Rubella becomes a notifiable disease such as tuberculosis or cholera

According to the Official Journal, rubella is now a notifiable disease for doctors, as are cholera or tuberculosis.

Like cholera, rabies, tuberculosis or zika, rubella is now among the notifiable diseases (MDO) that doctors and biologists must report to regional health agencies and Public Health France, guaranteeing anonymity patients.
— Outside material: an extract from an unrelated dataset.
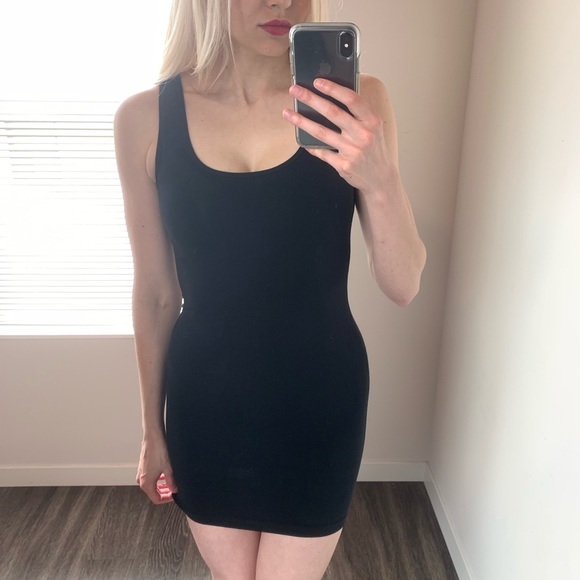 Forever 21 Black Bodycon Dress - Picture 1 of 6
According to Public Health France, the MDO system is to "act and prevent the risk of epidemic, but also (to) analyze the evolution over time of these diseases and adapt public health policies to the needs of the population."

"Surveillance of rubella infections in pregnant women and cases of congenital rubella in newborns was established in France in 1976 through the Renarub network," says Public Health France. this network is to evaluate the impact of vaccine policy and progress towards the elimination of congenital rubella ".

Today, the security system extends to the entire population, as recommended by the High Council of Public Health (HCSP) in 2017. According to him, this initiative was "justified by the existence of 'a heterogeneous vaccination coverage according to territories and populations, which can lead to localized outbreaks'.

Rubella and contagions

A person with rubella is contagious between 5 to 8 days before and 5 to 8 days after the onset of skin lesions. Only salivary secretions (kissing) are contagious, not pimples. In this interval, it is preferable that the patient does not come into contact with unvaccinated persons or persons at risk, such as pregnant women.

What to do for pregnant women? Conventionally, a vaccinated pregnant woman protects her child with antibodies during pregnancy and until about 6 months after birth. If it is not vaccinated, it is recommended to carry out a blood test to look for possible antibodies, witnesses of an old infection. In case of negative serology, it is advisable to check the serology every month and to avoid contact with unvaccinated infants or more generally anyone with an extensive rash.

The rubella vaccination schedule

Rubella is a generally benign disease, but infection with the virus during the first months of pregnancy may be responsible for fetal deaths or congenital malformative rubella. It is also for this reason that the measles-mumps vaccinerubella is one of 11 vaccines now mandatory for children born after January 1, 2018.

Traditionally, the vaccination schedule consists of injecting a dose of MMR (Measles, Mumps, Rubella) vaccine at 12 months, then a second injection between 16 and 18 months. For people who have never been vaccinated against rubella, a catch-up is possible. It consists of injecting two doses of vaccine at least one month apart.